“A principios de los años 70 mi juguete preferido era una fantástica cocinita blanca que mi padre me regaló. Emulaba los guisos que mi abuela y mi madre cocinaban en su cocina de gasoil. Recuerdo el color marfil del mantel de plástico que recubría esa mesa camilla de la casa de comidas y allí estaban extendidos todos mis enseres culinarios, incluso mi madre me cedía algún trocito de cebolla o tomate que evidentemente nunca se llegaban a cocinar.
Me crié entre ollas y guisos: con olor a sofrito, a hierbas aromáticas y a los guisos de mi madre con olores a veces delicados y otras envolventes que estimulaban mi olfato. Con el paso de los años mi madre seguía entre fogones y yo a su lado como una esponja y sin pensarlo, adquiriendo unos conocimientos que hoy son la base de mi cocina.
Sigo buscando aquél sabor que nos recuerda a un tenedor repleto de ensaladilla de pescado con su pizca de pimentón, un sutil y suave gustillo a ajo con un rape de una calidad excelente, la patata de Sa Pobla y picadillo de perejil.
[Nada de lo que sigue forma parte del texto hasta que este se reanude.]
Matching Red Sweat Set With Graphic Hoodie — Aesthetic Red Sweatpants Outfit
La diversidad y la riqueza del recetario característico de la cocina mallorquina tiene tantas posibilidades que sería una lástima que toda esa sabiduría popular se echase a perder por la globalización masiva de nuestras comidas cotidianas.
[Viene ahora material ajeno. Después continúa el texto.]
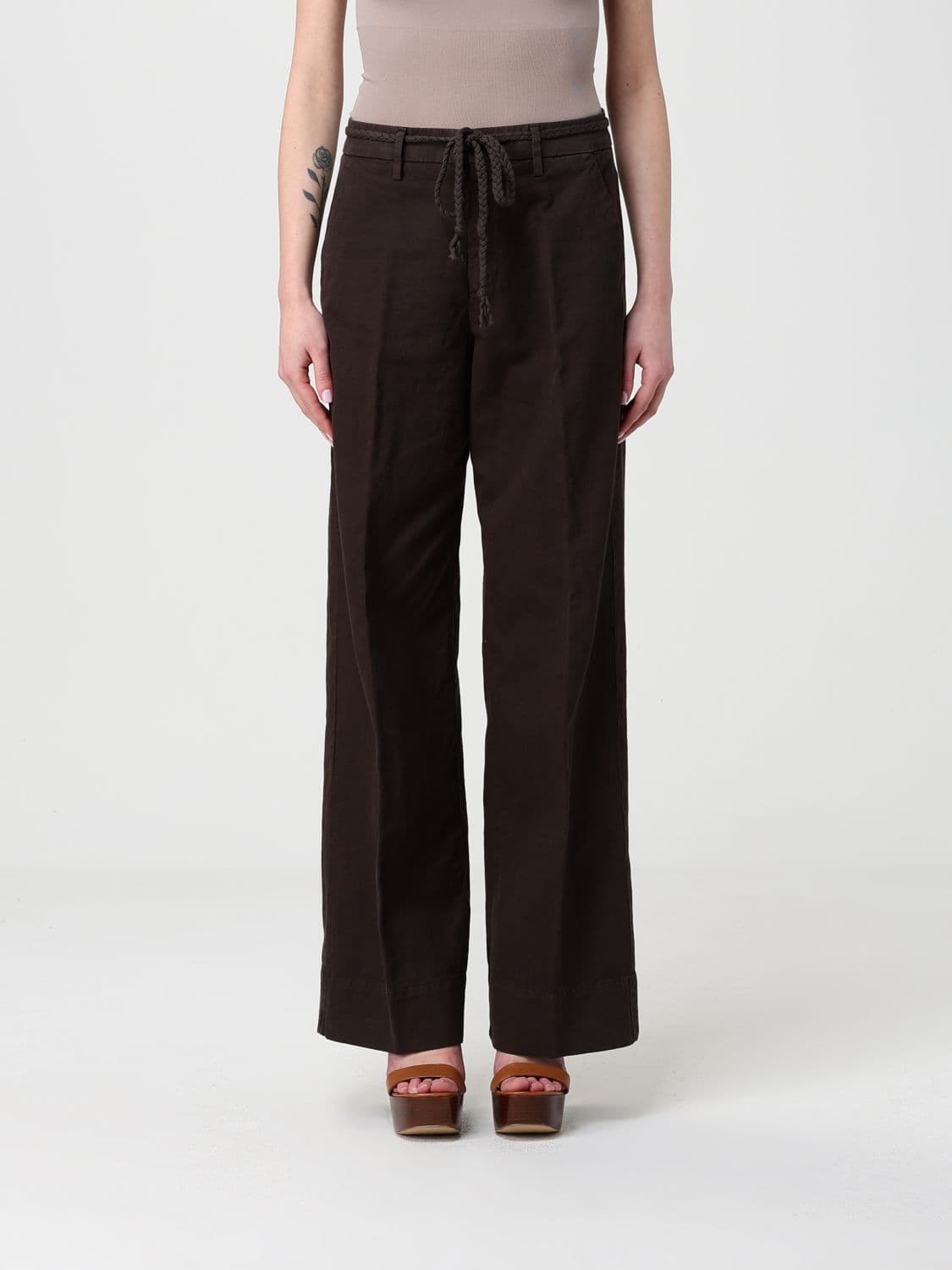 Mason's Wide Leg Trousers in Cotton and Linen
La memoria gustativa y olfativa es la experiencia que va marcando nuestra historia. No sólo yo por haberme criado en una cocina tengo memoria gustativa: tenemos todos. Algunos la potenciamos y a otros les pasa desapercibida. La búsqueda de la memoria gustativa, tiene que ser forzosamente estacional, quiero decir con ello que cada producto tiene su estación del año. Recuerdo de pequeño que el tumbet siempre lo comí en verano lo mismo que el “trempó”, las ‘greixeres’ y la col frita con calabaza en invierno. Mi madre Catalina, una gran chef, siempre lo hacia así”.